For the first quarter of fiscal 2000, the Company had net income of $12,381,000,
or $.55 per diluted share, compared to the first quarter of fiscal 1999's net
income of $9,649,000, or $.43 per diluted share. Net income and earnings per
diluted share increased by 28.3 percent and 27.9 percent, respectively, when
comparing the first quarter of fiscal 2000 to the first quarter of fiscal 1999.
LIQUIDITY AND FINANCIAL CONDITION
The Company meets its working capital requirements, capital equipment
requirements and cash requirements of subsidiaries with funds generated
internally.
7
<PAGE>
At November 27, 1999, working capital was $126,090,000, an increase of
$2,370,000 from the amount at August 28, 1999. The Company's principal uses of
cash during the 13 weeks ended November 27, 1999 were $28,971,000 of dealer
receivable investments and $9,280,000 for the purchase of shares of the
Company's Common Stock. The Company's principal sources of cash during the 13
weeks ended November 27, 1999 were income from operations and the collection of
$24,953,000 in dealer receivables. The Company's sources and uses of cash during
the 13 weeks ended November 27, 1999 are set forth in the unaudited consolidated
statement of cash flows for that period.
Principal known demands at November 27, 1999 on the Company's liquid assets for
the remainder of fiscal 2000 include approximately $16,700,000 of capital
expenditures and payments of cash dividends. On October 7, 1999, the Board of
Directors declared a cash dividend of $.10 per common share payable January 10,
2000, to shareholders of record on December 10, 1999.
Management currently expects its cash on hand, funds from operations and
borrowings available under existing credit facilities to be sufficient to cover
both short-term and long-term operating requirements.
ACCOUNTING CHANGES
Recognition of Derivative Instruments and Hedging Activities
SFAS No. 133, "Accounting for Derivative Instruments and Hedging Activities" was
issued in June 1998 and must be adopted by the Company no later than fiscal
2001. This statement requires that an entity recognize all derivatives as either
assets or liabilities in the balance sheet and measure these instruments at fair
value. The Company has not completed the process of evaluating the effect of
SFAS No. 133 on its financial statements.

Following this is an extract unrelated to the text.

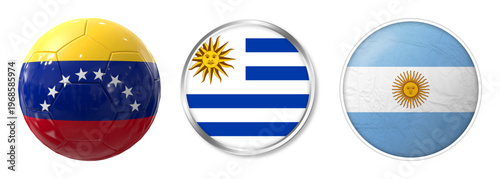 South American national flags on soccer ball and glossy badges, Venezuela Uruguay and Argentina football icons, 3D sports vector set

FORWARD LOOKING INFORMATION
Except for the historical information contained herein, certain of the matters
discussed in this report are "forward looking statements" as defined in the
Private Securities Litigation Reform Act of 1995, which involve risks and
uncertainties, including, but not limited to availability of chassis, slower
than anticipated sales of new or existing products, a significant increase in
interest rates, a general slow down in the economy, or new product introductions
by competitors and other factors which may be disclosed throughout this Form
10-Q. Any forecasts and projections in this report are "forward looking
statements," and are based on management's current expectations of the Company's
near-term results, based on current information available pertaining to the
Company, including the aforementioned risk factors, actual results could differ
materially.
YEAR 2000 (Y2K) COMPLIANCE
Introduction
The term "year 2000 issue" is a general term used to describe the various
problems that may result from the improper processing of dates and
date-sensitive calculations by computers as the year 2000 is approached and
reached. These problems generally arise from the fact that most computer
hardware and software have historically used only two digits to identify the
year in a date.
Y2K Background
The Company's overall goal is to be Y2K ready. "Y2K ready" means that critical
systems, devices, applications or business relationships have been evaluated and
are expected to be suitable for continued use into and beyond the Y2K, or
contingency plans are in place. The Company started its Y2K project in 1996.
Y2K Project
The Company's Y2K project is divided into four major steps: 1) Strategy for
compliance; 2) Inventory and assessment; 3) Remediation; and 4) System testing.
8
<PAGE>
1. The Company decided to make the corrections for compliance by
programming rather than through file conversion.
2. Using its chosen method of correction, management determined that
approximately 25 percent of its current Information Systems
Department's available time would be required to complete the Y2K
project by mid-year 1998.
3. The Company's programs' corrections were completed in May 1998.
4. System testing was completed in September, 1999.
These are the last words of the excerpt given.